Currently many NLG models are evaluated using n-gram overlap metrics like BLEU and ROUGE, but these metrics do not capture semantics let alone speaker intentions. People use language to communicate, and if we want NLG models to effectively communicate with people, we should evaluate them based on how well they communicate. We illustrate how this communication-based evaluation would work using the color reference game scenario from Monroe et al., 2017. We collected color reference game captions of various qualities and investigated how well models that use the captions to play the reference game can distinguish between dffierent quality captions compared to n-gram overlap metrics.
We have released the data we collected. It can be found in data/csv/clean_data.csv. The code to recreate the plots in the paper using the data and pretrained models can be found in this jupyter notebook.
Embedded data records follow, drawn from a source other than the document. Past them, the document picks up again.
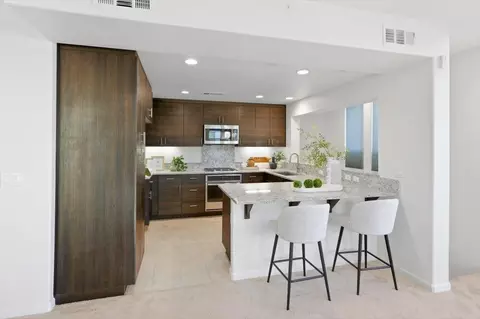 1989 Trento Loop, Milpitas, CA 95035 photo 6
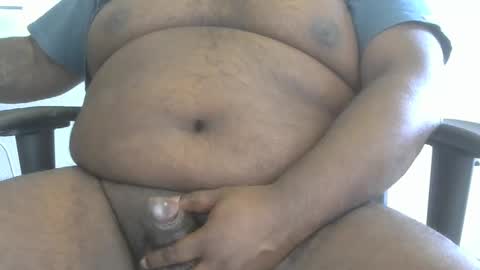 Golan online show from March 10, 12:49 pm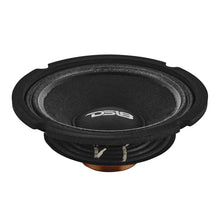 Load image into Gallery viewer, DS18 Loudspeaker Recone Kit For 6XL650NB-4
caption_featurizers.py contains code to process captions with an appropriate tokenizer into a format expected by the models. color_featurizers.py is a similar featurizer for the color inputs.
evaluation.py contains performance metric code for all models.
example_experiments.py contains examples of experiments that can be run with models such as the Literal Listener.
experiment.py contains code for model evaluation and the feature handler class that interfaces between the Monroe data, feature functions, and the models.
baseline_listener_samples, literal_listener_samples, and imaginative_listener_samples contain the ten sampled model parameters with optimal hyperparameters from the Baseline, Literal, and Imaginative Listener models, respectively.
data contains all the data used in the project, including the Monroe data and the synthetic data.
model contains all other model parameters for the models experimented with over the course of the project.
notebooks contains Jupyter notebooks for the experiments and scripts used to explore data, generate models, run models, sample models, score models, and other tasks.